Melbourne Park, 11 December 2011 | tennis.com.au
Ashleigh Barty has capped a magnificent week at the 2012 Australian Open Wildcard Play-off with a straight-sets defeat of second seed Olivia Rogowska, ensuring her entry into the main draw of a Grand Slam event for the first time in her career.
The 7-6(6) 6-2 win meant that Barty – a wildcard into the event – has gone undefeated through the play-off without the loss of a set, an extraordinary feat given the 15-year-old said she simply hoped to win a set coming into the tournament.
“I can’t describe how I’m feeling right now,” Barty told the large media contingent on Court 6 after her victory.
“I’m pleased with what I’ve done and I’ve played some really good tennis this week.”
> Australian Open 2012 Play-off photos
Yet of the two players it was Rogowska who displayed the most impressive tennis in the early stages of the final, racing to a 3-0 lead on the strength of some extremely consistent and accurate play from the back of the court.
The first sign of fragility came in the fourth game, when Barty scrambled to retrieve a Rogowska shot that had hit the tape and dropped short, setting up the easiest of passing shots for Rogowska. The Victorian fluffed the shot, and Barty would eventually hold to get on the scoreboard.
Rogowska shrugged off that minor disappointment and maintained her service break advantage to move ahead 5-2, her backhand in particular firing strongly. But Barty increasingly settled into the match, drawing on the confidence she had accrued thanks to an undefeated run through the Optus 18s Australian Championships draw and in her first four matches of the wildcard play-off.
> Watch Australian Open 2012 Play-off match highlights
The Queenslander conjured some big forehands and some lovely touch shots as she won three-straight games to level the set at 5-5, benefiting also from Rogowska’s mounting error tally.
With scores deadlocked the standard of play lifted as both Barty and Rogowska fought for the ascendancy, and the set appropriately progressed to a tiebreak. It was a high-quality yet seesawing affair – Barty struck a vicious slice that forced the error from Rogowska’s racquet, only for the No.2 seed to respond with an ace to level at four points all.
Barty reached set point and tried to take it with a flourish, but narrowly missed her forehand down the line.

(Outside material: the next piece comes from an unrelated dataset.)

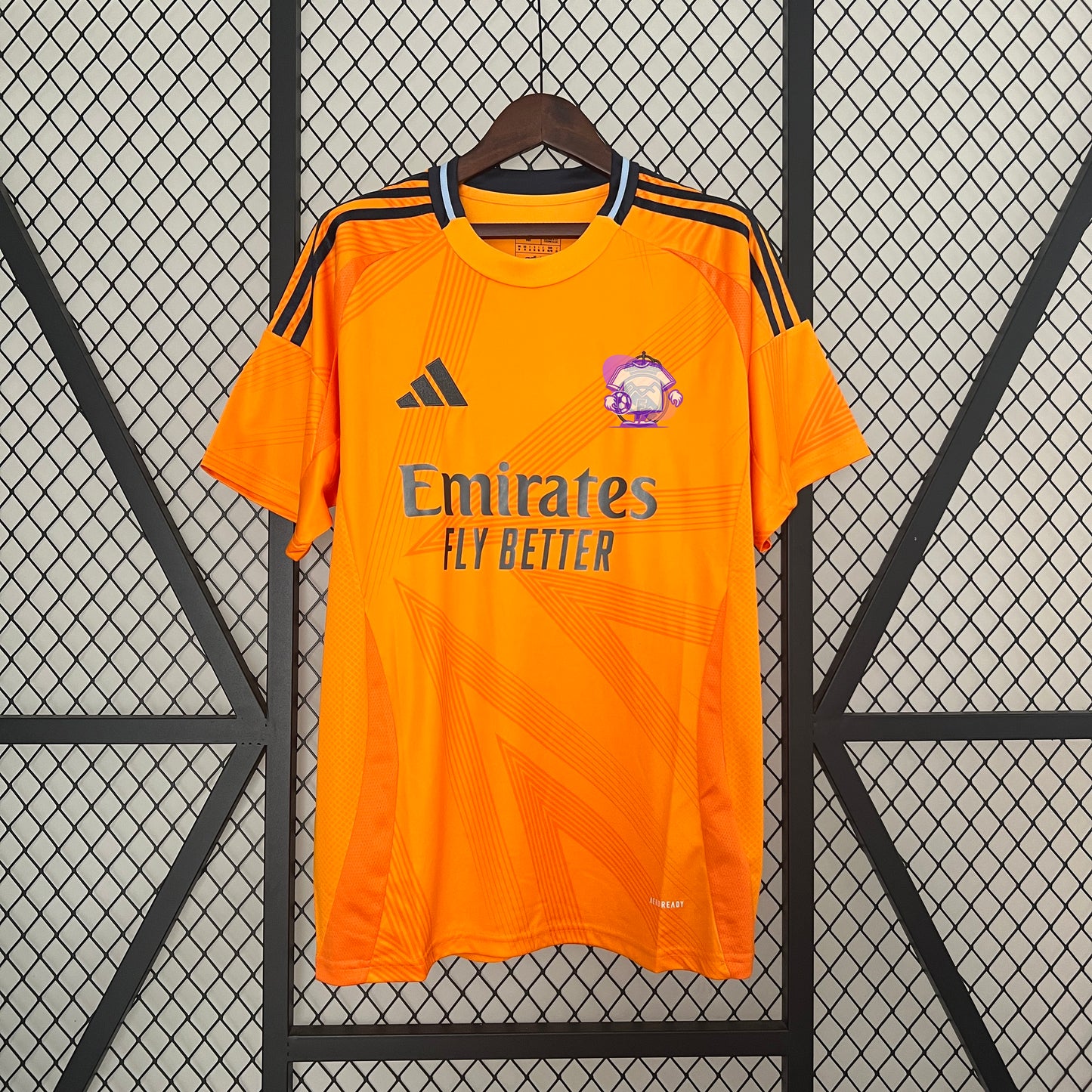 CAMISETA SEGUNDA EQUIPACIÓN REAL MADRID 24/25 VERSIÓN FAN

She procured a second opportunity thanks to another wickedly sliced backhand that Rogowska couldn’t control, pocketing the opening set when her opponent sent a forehand beyond the baseline.
When asked about her slow start to the set after the match, Barty did not think it could be considered as such.
“I haven’t played Liv before so it’s hard to get used to her ball, but she came out really well and she was playing some really good tennis. I think I was just able to keep a little more solid towards the end of that first set and at the start of the second,” she noted.
> Australian Open 2012 Play-off videos
The second set progressed routinely on serve, with Barty – naturally the more powerful of the pair – muscling an off-forehand winner and pounding down the first serves on her way to a 3-2 lead.
In the very next game, Barty’s big hitting from the baseline seemed to be wearing Rogowska down, with the Victorian committing two errors off powerfully struck Barty forehands. The Queenslander’s scrambling ability also shook Rogowska, forcing her to go for too much on a swinging volley that didn’t find the mark.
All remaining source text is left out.